Nothing outside the range is wanted. Repeat exactly the lines below from the one with "HOST PICK —NWOT" through the one with "a basketball player".

**** The data ****

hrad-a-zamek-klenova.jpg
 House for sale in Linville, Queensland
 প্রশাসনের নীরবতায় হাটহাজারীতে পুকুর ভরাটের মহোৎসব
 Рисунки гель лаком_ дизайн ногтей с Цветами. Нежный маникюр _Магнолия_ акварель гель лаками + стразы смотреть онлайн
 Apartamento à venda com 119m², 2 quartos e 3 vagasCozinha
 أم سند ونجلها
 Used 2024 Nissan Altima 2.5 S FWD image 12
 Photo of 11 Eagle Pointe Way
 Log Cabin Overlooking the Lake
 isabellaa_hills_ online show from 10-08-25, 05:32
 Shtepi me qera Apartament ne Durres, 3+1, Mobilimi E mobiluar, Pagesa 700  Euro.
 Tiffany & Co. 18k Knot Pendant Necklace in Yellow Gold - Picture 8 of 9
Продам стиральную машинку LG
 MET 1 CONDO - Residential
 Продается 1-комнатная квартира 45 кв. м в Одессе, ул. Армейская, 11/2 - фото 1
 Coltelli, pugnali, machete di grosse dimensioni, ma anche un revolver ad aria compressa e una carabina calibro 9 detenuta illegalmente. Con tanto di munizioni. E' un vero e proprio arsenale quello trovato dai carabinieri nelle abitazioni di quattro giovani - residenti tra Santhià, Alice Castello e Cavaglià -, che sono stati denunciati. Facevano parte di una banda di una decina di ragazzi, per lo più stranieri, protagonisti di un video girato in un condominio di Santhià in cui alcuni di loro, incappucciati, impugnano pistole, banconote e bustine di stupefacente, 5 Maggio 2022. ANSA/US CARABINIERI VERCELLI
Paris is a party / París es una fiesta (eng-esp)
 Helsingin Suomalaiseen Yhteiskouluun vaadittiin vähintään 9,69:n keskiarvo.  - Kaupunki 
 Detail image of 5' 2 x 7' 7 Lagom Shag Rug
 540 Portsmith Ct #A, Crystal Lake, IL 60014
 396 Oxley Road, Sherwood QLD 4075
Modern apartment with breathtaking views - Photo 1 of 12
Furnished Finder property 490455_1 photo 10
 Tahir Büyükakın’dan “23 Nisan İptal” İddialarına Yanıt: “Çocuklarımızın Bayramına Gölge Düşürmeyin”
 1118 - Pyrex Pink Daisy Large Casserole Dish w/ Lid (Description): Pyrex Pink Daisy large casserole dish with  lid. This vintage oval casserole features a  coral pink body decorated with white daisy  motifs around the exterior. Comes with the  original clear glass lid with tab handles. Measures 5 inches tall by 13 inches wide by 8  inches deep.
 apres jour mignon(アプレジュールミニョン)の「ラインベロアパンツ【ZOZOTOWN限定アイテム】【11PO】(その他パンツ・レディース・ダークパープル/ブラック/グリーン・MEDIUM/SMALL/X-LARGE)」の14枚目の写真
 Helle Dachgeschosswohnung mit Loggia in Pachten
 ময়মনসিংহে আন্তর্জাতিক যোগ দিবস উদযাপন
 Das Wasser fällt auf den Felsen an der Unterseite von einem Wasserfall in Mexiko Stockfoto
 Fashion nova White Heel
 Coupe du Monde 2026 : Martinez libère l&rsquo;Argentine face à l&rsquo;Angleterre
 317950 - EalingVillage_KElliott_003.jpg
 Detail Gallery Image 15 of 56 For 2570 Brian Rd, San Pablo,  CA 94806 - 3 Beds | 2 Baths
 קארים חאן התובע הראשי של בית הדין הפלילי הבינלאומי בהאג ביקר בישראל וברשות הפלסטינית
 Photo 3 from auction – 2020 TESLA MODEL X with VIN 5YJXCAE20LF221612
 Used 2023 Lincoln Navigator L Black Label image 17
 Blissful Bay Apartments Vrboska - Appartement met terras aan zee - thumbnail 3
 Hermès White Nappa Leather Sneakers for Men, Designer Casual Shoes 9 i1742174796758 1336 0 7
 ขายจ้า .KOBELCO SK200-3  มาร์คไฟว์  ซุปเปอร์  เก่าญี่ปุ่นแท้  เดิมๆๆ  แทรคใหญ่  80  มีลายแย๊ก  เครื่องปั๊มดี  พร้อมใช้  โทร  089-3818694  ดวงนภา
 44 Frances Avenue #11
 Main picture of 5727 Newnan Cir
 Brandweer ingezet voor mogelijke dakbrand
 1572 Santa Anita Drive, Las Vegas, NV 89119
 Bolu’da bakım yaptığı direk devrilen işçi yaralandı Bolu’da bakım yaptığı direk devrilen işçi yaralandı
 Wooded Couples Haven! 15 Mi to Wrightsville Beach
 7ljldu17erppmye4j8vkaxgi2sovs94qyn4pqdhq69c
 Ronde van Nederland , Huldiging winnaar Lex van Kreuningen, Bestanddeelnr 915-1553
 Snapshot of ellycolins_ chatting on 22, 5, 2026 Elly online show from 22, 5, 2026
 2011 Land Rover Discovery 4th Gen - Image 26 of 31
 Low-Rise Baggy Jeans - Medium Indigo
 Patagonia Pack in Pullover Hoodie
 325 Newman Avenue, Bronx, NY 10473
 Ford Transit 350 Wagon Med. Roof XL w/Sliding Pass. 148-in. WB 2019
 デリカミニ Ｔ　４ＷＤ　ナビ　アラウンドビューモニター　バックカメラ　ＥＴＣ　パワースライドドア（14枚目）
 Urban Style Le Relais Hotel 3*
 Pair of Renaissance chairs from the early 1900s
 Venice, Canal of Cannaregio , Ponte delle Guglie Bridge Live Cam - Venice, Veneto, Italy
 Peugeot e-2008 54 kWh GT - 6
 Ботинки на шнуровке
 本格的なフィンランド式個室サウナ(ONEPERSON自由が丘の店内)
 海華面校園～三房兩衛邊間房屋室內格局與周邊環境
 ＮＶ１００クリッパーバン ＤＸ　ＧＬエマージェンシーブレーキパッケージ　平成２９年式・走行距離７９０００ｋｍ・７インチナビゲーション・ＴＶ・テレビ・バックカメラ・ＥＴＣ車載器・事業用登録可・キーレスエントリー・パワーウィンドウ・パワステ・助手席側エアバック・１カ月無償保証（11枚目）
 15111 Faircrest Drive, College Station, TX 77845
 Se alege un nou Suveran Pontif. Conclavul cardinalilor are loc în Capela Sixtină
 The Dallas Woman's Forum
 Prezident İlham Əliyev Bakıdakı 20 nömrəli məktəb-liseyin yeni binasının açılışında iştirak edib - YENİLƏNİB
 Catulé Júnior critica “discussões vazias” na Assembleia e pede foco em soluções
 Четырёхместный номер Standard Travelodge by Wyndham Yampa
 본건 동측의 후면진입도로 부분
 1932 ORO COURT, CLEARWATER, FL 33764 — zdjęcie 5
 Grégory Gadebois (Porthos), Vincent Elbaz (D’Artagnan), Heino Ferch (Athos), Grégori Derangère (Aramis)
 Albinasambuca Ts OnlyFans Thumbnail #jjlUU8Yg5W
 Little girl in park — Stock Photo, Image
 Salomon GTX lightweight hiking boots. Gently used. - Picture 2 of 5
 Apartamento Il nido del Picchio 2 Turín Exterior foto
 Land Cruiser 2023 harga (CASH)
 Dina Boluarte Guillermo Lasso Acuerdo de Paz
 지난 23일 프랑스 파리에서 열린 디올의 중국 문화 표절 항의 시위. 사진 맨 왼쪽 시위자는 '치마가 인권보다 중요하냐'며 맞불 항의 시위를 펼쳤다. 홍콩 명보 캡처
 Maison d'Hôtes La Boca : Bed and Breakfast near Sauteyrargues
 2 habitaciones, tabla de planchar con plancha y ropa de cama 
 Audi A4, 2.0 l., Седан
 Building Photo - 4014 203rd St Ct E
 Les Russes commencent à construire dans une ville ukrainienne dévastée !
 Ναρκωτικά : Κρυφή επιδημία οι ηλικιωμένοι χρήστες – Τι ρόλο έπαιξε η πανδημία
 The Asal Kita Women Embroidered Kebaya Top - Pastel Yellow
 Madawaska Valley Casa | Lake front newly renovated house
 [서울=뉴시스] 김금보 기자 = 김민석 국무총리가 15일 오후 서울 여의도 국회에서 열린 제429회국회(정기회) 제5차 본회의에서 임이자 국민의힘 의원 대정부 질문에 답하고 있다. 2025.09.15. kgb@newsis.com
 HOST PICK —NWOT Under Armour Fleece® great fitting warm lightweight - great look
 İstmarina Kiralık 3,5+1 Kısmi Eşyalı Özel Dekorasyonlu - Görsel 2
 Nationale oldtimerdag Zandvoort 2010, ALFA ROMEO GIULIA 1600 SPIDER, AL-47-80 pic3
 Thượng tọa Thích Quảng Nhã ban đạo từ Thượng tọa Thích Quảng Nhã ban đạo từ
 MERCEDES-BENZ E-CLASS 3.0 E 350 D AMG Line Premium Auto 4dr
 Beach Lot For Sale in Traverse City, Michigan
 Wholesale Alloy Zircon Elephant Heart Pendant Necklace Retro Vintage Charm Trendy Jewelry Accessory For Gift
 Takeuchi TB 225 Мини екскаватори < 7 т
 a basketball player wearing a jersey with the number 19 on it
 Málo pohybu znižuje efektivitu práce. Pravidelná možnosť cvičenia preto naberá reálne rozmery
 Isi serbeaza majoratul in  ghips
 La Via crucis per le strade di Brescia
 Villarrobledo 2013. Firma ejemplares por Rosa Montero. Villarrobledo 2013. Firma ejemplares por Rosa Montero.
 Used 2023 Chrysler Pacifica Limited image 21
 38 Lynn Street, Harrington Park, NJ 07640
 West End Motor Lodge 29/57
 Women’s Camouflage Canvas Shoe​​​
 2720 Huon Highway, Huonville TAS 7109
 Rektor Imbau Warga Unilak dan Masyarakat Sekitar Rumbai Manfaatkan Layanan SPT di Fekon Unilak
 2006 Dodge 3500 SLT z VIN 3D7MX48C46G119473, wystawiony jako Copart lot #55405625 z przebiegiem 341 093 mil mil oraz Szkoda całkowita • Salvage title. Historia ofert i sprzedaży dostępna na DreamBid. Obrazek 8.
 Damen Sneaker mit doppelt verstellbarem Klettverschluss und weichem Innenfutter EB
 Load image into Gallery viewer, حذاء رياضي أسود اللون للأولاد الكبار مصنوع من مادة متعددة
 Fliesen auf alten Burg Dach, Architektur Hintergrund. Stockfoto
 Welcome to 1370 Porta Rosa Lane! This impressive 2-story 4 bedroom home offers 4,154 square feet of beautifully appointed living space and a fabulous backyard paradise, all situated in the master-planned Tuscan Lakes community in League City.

****

Answer box:
 HOST PICK —NWOT Under Armour Fleece® great fitting warm lightweight - great look
 İstmarina Kiralık 3,5+1 Kısmi Eşyalı Özel Dekorasyonlu - Görsel 2
 Nationale oldtimerdag Zandvoort 2010, ALFA ROMEO GIULIA 1600 SPIDER, AL-47-80 pic3
 Thượng tọa Thích Quảng Nhã ban đạo từ Thượng tọa Thích Quảng Nhã ban đạo từ
 MERCEDES-BENZ E-CLASS 3.0 E 350 D AMG Line Premium Auto 4dr
 Beach Lot For Sale in Traverse City, Michigan
 Wholesale Alloy Zircon Elephant Heart Pendant Necklace Retro Vintage Charm Trendy Jewelry Accessory For Gift
 Takeuchi TB 225 Мини екскаватори < 7 т
 a basketball player wearing a jersey with the number 19 on it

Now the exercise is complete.